The record of mutual football/ track stardom speaks for itself, Case and Hamilton said, citing former Olympic champion/NFL star Willie Gault and 2009 college football/track champions C.J. Spiller at Clemson and Florida’s Jeff Demps.

“There is nothing like speed,” Case said. “You can ask football coaches that.”

While planning it will improve his football, Hamilton runs track for track like he did at Texas High in Texarkana.

After watching as a recent highschool graduate the 2009 NCAA Outdoor meet the UA hosted in Fayetteville, Hamilton calls anchoring the Arkansas 4x100 team of fellow freshmen Caleb Cross and Hunter Bourke and junior college transfer LaShawn Butler in Eugene “a dream come true.”

“He’s a track and field fan,” Case said. “He loves it. That makes him highly motivated.”

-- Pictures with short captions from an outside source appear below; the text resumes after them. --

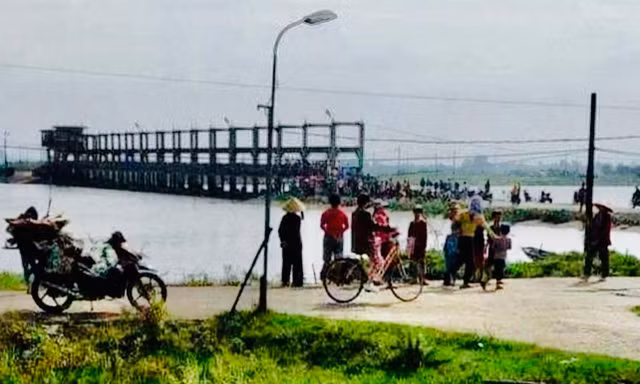 Thai phụ đuối nước tử vong khi giặt chiếu ở bờ sông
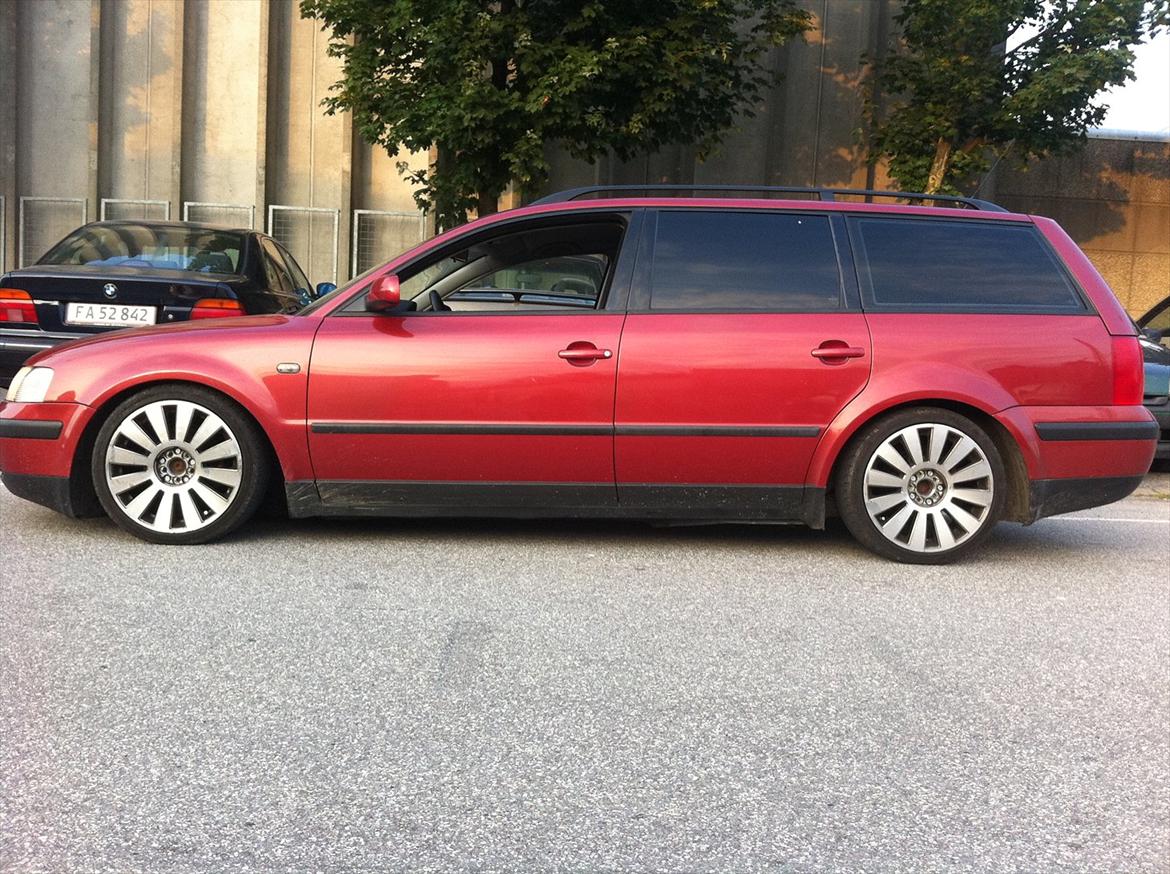 VW passat 3b - ser super ud men fælge for små bunden af bil rammer jorden ved små bump billede 10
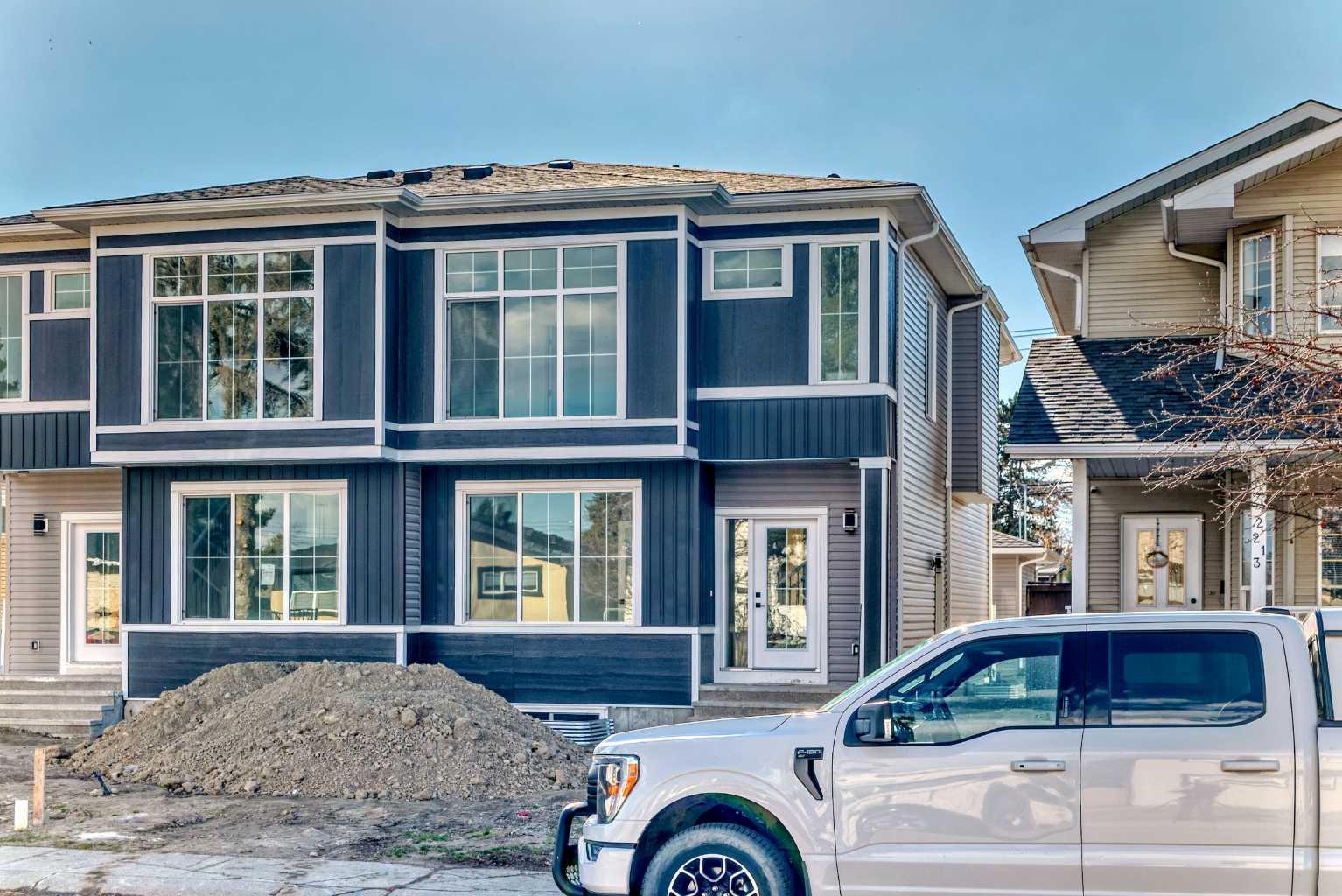 42 street SE 2215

Hamilton’s motivation is thoroughly tested combining track workouts with football’s off-season program already under way.

His current football training is heavy into weights.

That’s fine with Bucknam and Case, providing Hamilton doesn’t overdo it.

For only through weights, say the coaches of both sports, will Hamilton gain the explosiveness to be all that he can be.

“One thing I regret in high school is I didn’t lift weights at all,” Hamilton said. “I hated to lift weights, but you can’t get me out of the weightroom now.”